YOUR GOAL: Below this line is a set of entries; quote exactly the lines from the line that contains "Mascarilla facial de" to the line that contains "The Palazzo Pant : White Wool", both lines included.

Short text fragments from websites:
···

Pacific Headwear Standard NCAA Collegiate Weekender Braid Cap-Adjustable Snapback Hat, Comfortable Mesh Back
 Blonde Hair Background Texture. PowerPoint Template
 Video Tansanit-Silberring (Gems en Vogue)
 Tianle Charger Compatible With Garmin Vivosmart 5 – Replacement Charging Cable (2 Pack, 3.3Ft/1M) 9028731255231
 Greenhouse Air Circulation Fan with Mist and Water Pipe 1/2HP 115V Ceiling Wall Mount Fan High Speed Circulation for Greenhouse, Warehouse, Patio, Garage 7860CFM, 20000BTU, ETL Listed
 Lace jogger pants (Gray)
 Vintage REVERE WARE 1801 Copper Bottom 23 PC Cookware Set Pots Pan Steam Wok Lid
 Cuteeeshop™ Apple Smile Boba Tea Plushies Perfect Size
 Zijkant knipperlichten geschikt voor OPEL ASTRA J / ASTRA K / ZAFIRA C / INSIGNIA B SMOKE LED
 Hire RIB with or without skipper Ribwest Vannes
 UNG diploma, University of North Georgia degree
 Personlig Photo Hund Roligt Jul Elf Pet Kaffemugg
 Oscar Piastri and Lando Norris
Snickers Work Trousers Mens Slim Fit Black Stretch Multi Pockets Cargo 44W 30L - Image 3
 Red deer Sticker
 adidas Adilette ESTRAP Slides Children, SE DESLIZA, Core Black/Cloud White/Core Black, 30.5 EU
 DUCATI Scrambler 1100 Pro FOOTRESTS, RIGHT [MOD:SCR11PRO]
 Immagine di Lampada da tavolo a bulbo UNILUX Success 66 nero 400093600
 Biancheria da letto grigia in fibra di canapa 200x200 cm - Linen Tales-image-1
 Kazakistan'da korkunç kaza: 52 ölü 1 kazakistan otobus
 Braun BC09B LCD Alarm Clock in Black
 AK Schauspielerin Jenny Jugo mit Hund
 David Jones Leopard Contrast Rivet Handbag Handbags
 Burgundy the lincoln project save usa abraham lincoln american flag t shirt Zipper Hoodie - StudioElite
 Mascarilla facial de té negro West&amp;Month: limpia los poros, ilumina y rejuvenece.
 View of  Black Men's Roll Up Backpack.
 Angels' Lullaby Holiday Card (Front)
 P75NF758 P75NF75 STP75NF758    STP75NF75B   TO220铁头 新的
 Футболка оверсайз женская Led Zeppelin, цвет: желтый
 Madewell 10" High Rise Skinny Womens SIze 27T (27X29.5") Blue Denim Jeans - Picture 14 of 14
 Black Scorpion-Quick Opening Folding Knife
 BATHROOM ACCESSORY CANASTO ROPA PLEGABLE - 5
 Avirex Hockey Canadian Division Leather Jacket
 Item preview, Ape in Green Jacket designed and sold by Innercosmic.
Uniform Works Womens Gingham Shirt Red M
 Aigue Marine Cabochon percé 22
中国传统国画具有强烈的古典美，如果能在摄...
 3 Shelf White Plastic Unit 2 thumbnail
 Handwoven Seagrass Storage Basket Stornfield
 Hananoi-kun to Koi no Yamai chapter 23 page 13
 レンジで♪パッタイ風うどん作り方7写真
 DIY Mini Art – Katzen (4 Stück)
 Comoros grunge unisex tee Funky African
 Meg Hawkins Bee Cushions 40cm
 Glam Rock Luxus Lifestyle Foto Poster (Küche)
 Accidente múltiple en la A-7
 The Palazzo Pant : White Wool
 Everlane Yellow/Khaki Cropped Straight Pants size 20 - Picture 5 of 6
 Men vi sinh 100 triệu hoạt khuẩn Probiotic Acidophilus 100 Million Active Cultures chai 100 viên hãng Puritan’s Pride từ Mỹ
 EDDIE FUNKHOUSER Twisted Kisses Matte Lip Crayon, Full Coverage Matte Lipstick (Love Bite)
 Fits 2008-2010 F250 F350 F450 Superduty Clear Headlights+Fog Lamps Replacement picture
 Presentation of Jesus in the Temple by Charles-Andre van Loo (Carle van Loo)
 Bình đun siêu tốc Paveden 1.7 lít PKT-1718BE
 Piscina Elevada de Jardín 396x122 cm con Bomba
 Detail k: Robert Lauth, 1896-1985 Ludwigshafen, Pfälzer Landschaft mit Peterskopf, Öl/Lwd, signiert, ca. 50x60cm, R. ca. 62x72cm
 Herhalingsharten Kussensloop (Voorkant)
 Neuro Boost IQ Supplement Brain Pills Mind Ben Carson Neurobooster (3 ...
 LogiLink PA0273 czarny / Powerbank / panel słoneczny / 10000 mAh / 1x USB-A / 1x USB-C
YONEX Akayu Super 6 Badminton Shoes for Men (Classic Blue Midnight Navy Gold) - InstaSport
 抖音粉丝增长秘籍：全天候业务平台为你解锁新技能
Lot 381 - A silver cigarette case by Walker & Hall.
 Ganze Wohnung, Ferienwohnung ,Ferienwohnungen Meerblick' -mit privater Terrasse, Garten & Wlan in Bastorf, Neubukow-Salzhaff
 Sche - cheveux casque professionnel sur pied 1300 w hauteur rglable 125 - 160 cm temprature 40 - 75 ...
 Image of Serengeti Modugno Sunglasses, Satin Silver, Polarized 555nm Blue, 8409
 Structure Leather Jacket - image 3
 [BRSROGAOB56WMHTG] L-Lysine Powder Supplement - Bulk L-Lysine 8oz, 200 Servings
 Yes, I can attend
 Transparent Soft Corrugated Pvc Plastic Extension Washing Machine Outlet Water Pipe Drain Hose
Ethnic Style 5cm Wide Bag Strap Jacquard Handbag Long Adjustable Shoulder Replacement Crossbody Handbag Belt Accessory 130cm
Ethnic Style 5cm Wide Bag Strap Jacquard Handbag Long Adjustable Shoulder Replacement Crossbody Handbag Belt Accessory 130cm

···

EXERCISE RESPONSE:
 Mascarilla facial de té negro West&amp;Month: limpia los poros, ilumina y rejuvenece.
 View of  Black Men's Roll Up Backpack.
 Angels' Lullaby Holiday Card (Front)
 P75NF758 P75NF75 STP75NF758    STP75NF75B   TO220铁头 新的
 Футболка оверсайз женская Led Zeppelin, цвет: желтый
 Madewell 10" High Rise Skinny Womens SIze 27T (27X29.5") Blue Denim Jeans - Picture 14 of 14
 Black Scorpion-Quick Opening Folding Knife
 BATHROOM ACCESSORY CANASTO ROPA PLEGABLE - 5
 Avirex Hockey Canadian Division Leather Jacket
 Item preview, Ape in Green Jacket designed and sold by Innercosmic.
Uniform Works Womens Gingham Shirt Red M
 Aigue Marine Cabochon percé 22
中国传统国画具有强烈的古典美，如果能在摄...
 3 Shelf White Plastic Unit 2 thumbnail
 Handwoven Seagrass Storage Basket Stornfield
 Hananoi-kun to Koi no Yamai chapter 23 page 13
 レンジで♪パッタイ風うどん作り方7写真
 DIY Mini Art – Katzen (4 Stück)
 Comoros grunge unisex tee Funky African
 Meg Hawkins Bee Cushions 40cm
 Glam Rock Luxus Lifestyle Foto Poster (Küche)
 Accidente múltiple en la A-7
 The Palazzo Pant : White Wool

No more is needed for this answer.